== Work request ==
Without copying the images, write out all the entries below verbatim.

== Data to use ==
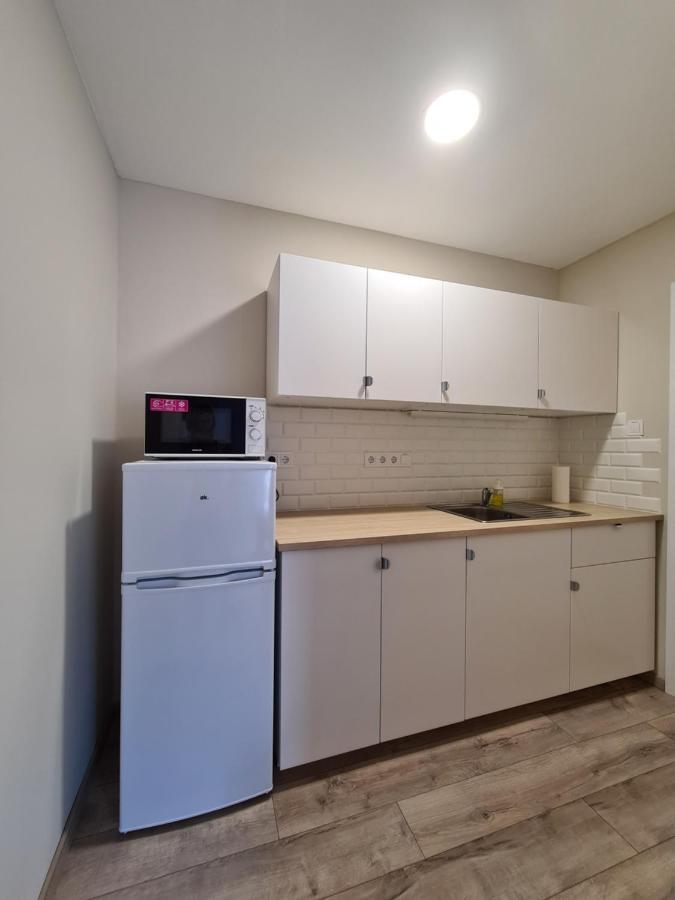 Appartamento Öt Fenyő Apartmanház Siófok Esterno foto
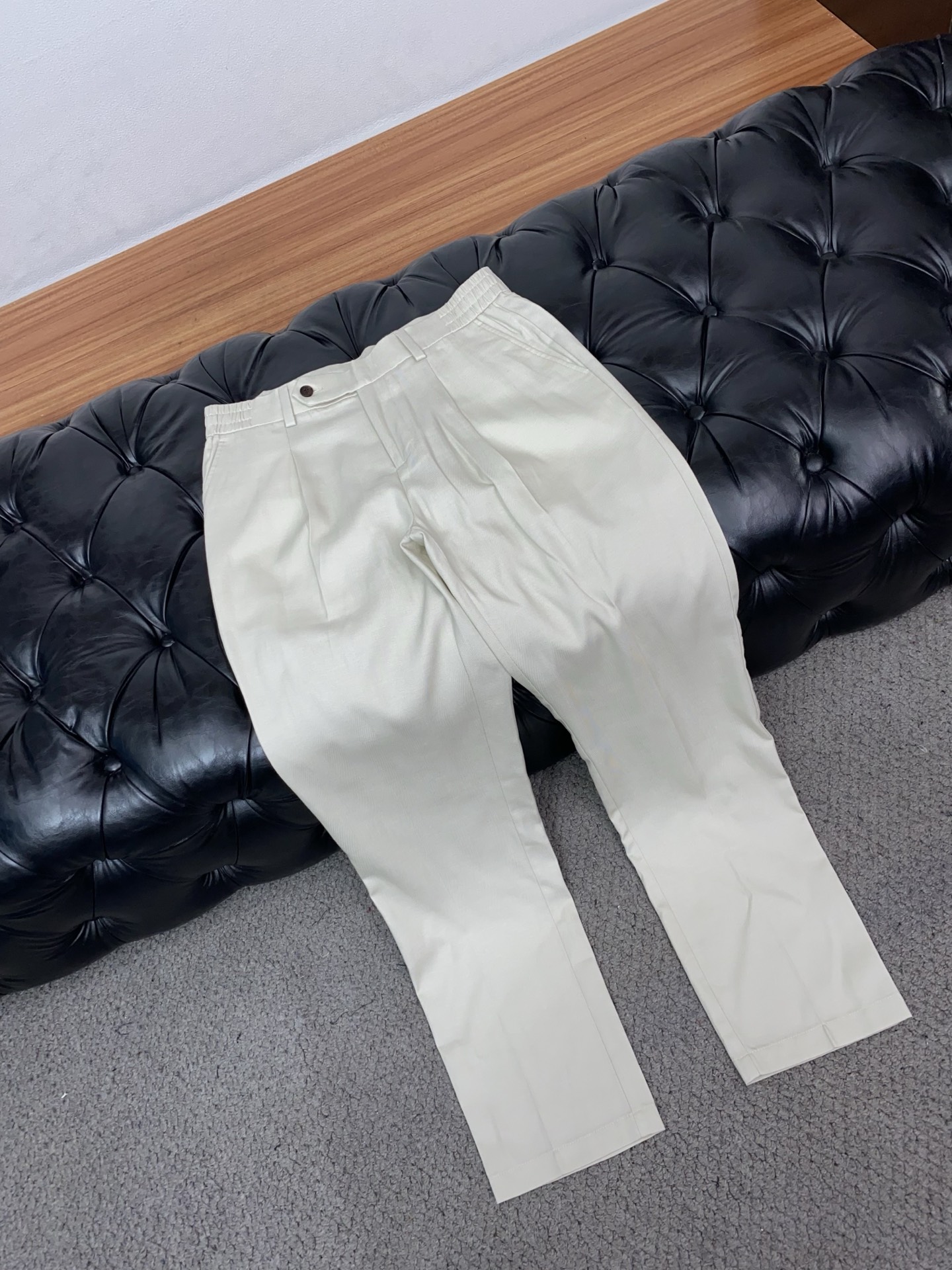loro Piana 诺悠翩雅 2026春夏新款 麻料休闲裤 干净利落剪裁，都市风十足 采用精纺面料手感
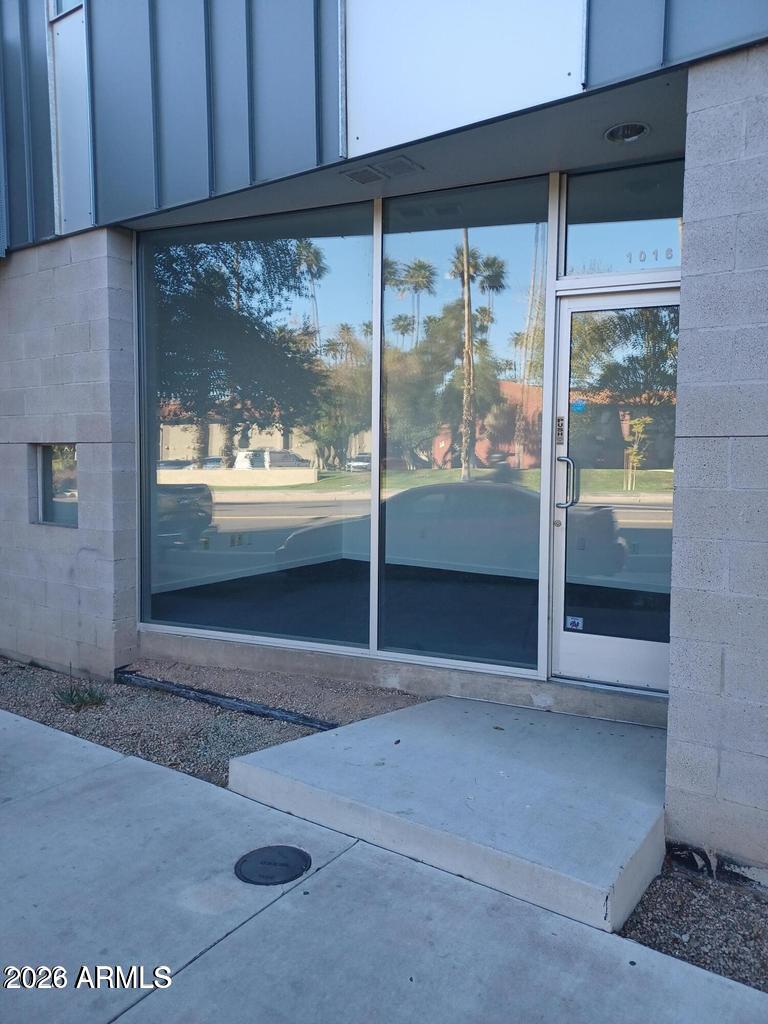 1111 W UNIVERSITY Drive 1016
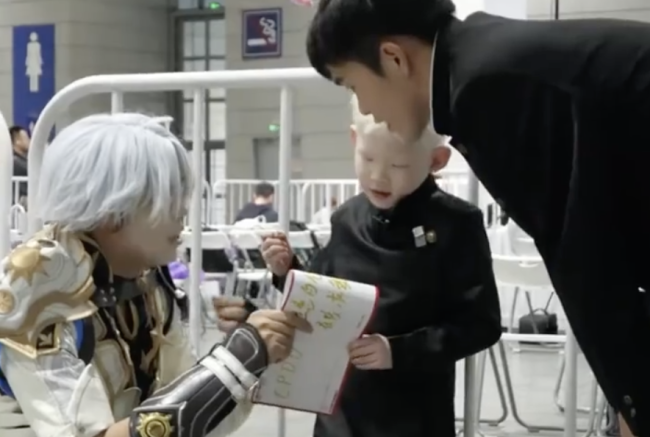 5歲白化病男孩在漫展收獲溫暖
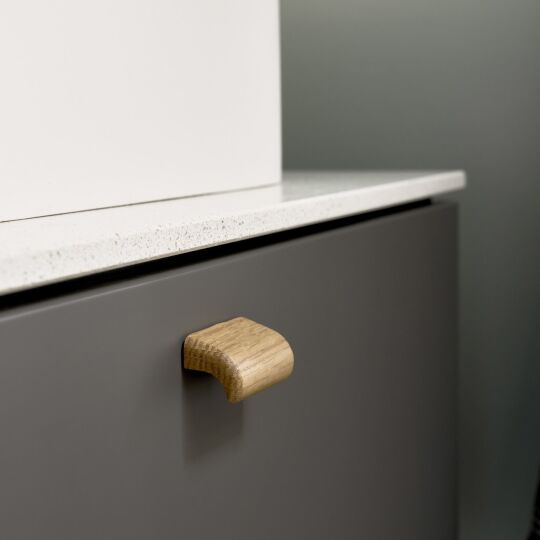 zwarte keuken met hout houten handgreep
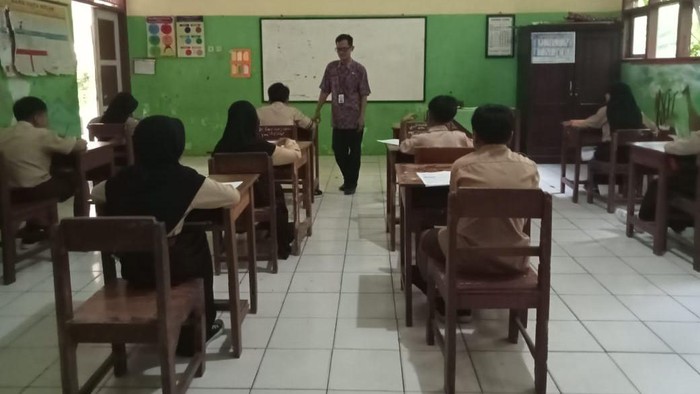 Kegiatan belajar mengajar di SD N Dayeuhluhur, Kabupaten Cilacap. Foto diunggah Minggu (9/7/2023).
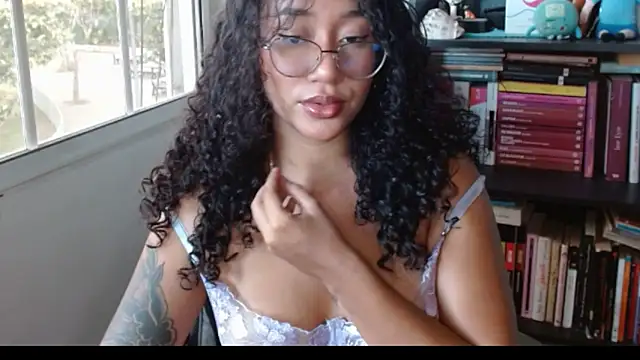 clitia xx online show from December 2025 10:07:02 PM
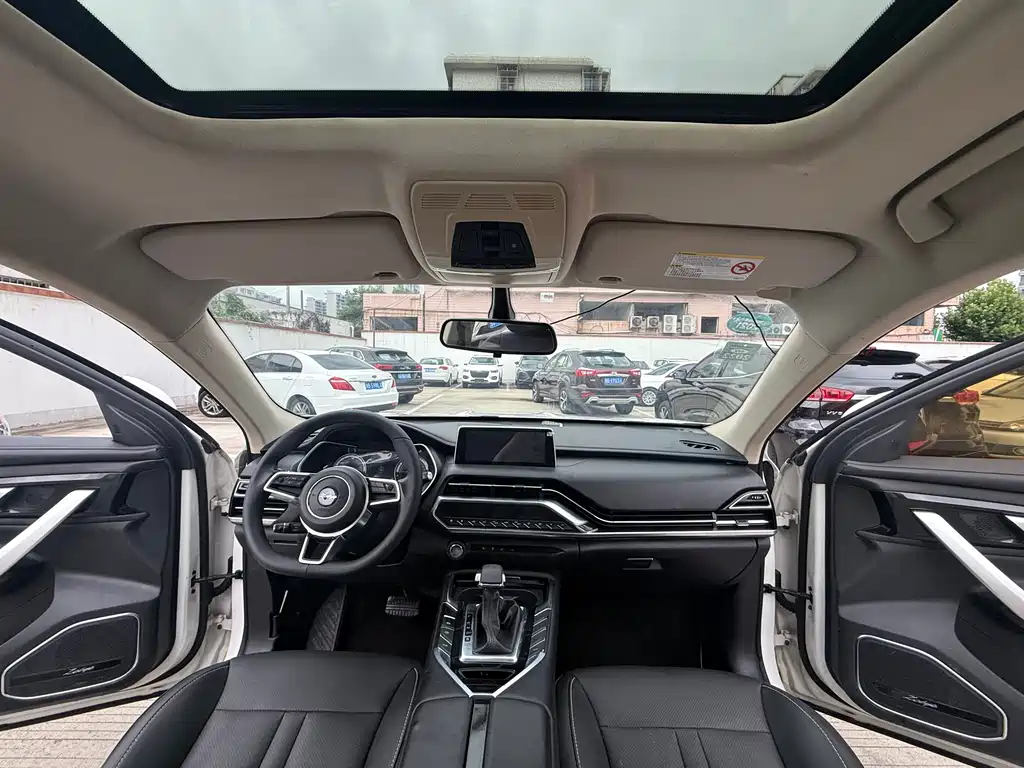 Zotye T500 众泰T500 2018款 1.5 T 自动尊享型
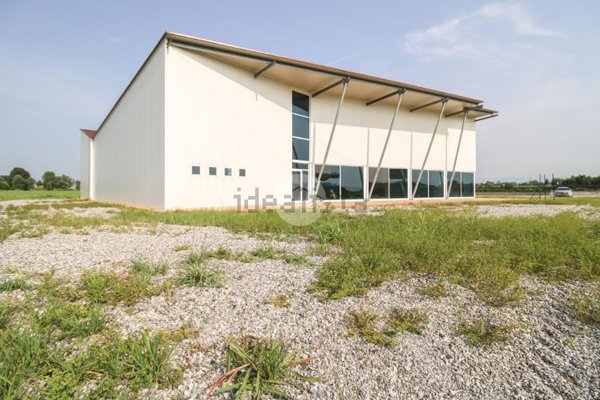 capannone in vendita a Montichiari in zona Bredazzane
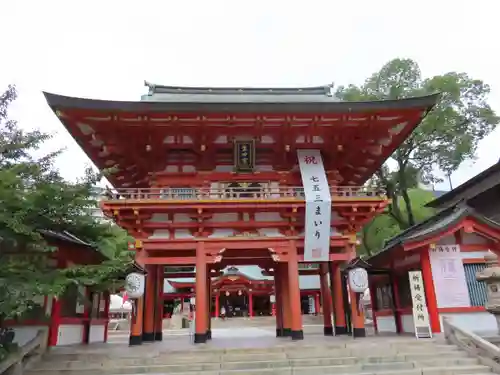 生田神社の山門・神門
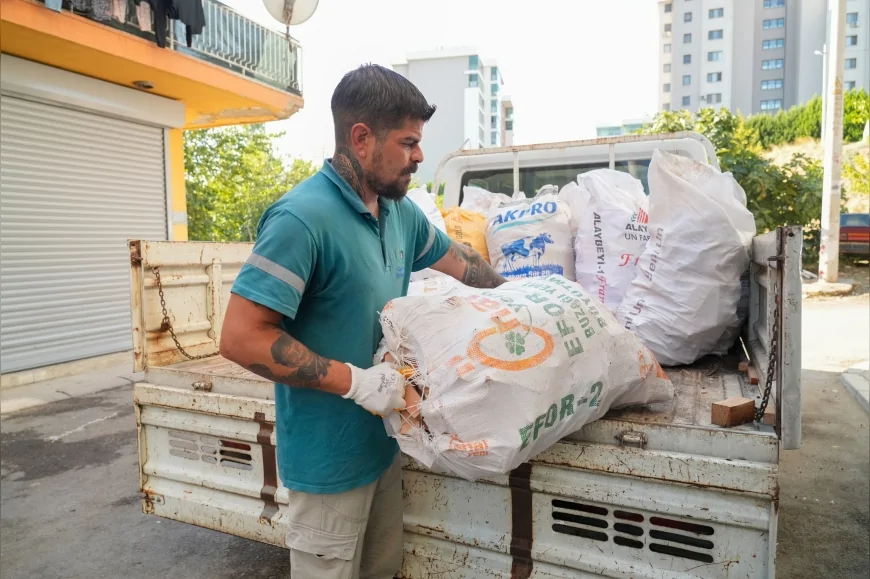 Gaziemir Belediyesi ihtiyaç sahiplerine budama odunları ve ahşap atölyesi atıklarıyla kış desteği sağlıyor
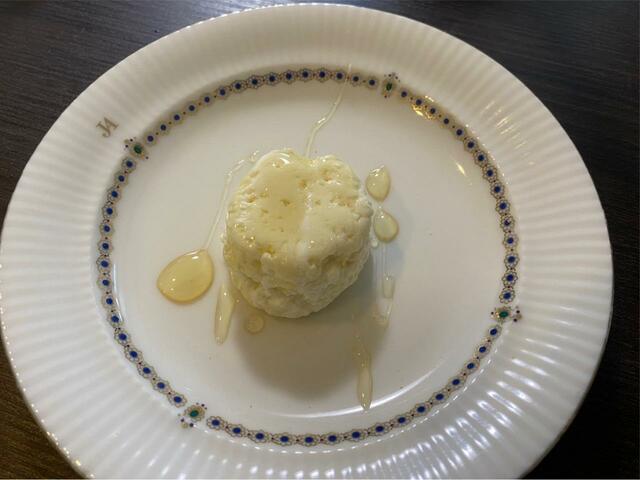 【コストコ カッテージチーズ】蜂蜜をかければチーズケーキ風のスイーツに。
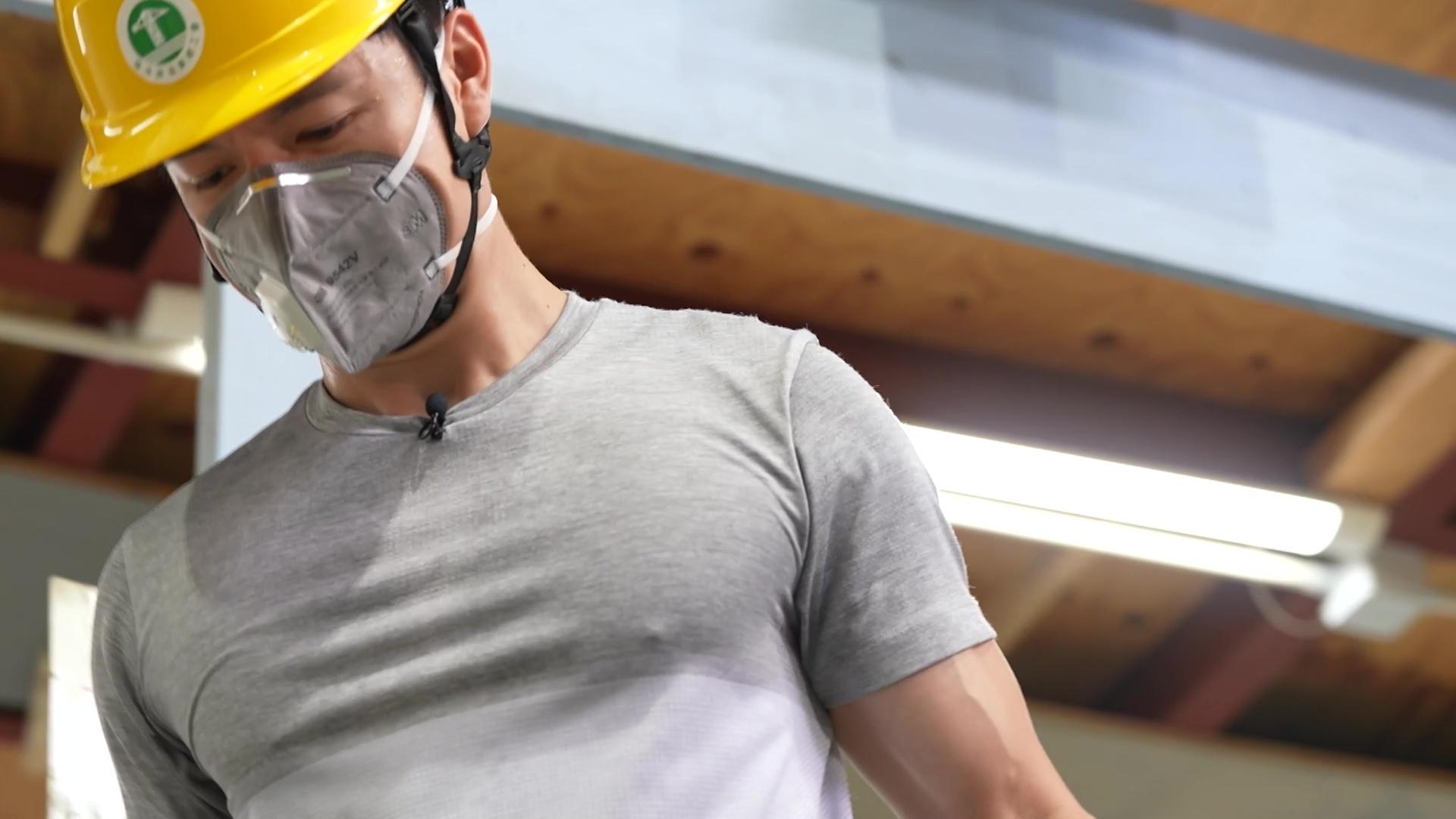 胸肌脹卜卜的Ricco,有職安真漢子的雄風。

== Your response ==
 Appartamento Öt Fenyő Apartmanház Siófok Esterno foto
loro Piana 诺悠翩雅 2026春夏新款 麻料休闲裤 干净利落剪裁，都市风十足 采用精纺面料手感
 1111 W UNIVERSITY Drive 1016
 5歲白化病男孩在漫展收獲溫暖
 zwarte keuken met hout houten handgreep
 Kegiatan belajar mengajar di SD N Dayeuhluhur, Kabupaten Cilacap. Foto diunggah Minggu (9/7/2023).
 clitia xx online show from December 2025 10:07:02 PM
 Zotye T500 众泰T500 2018款 1.5 T 自动尊享型
 capannone in vendita a Montichiari in zona Bredazzane
 生田神社の山門・神門
 Gaziemir Belediyesi ihtiyaç sahiplerine budama odunları ve ahşap atölyesi atıklarıyla kış desteği sağlıyor
 【コストコ カッテージチーズ】蜂蜜をかければチーズケーキ風のスイーツに。
 胸肌脹卜卜的Ricco,有職安真漢子的雄風。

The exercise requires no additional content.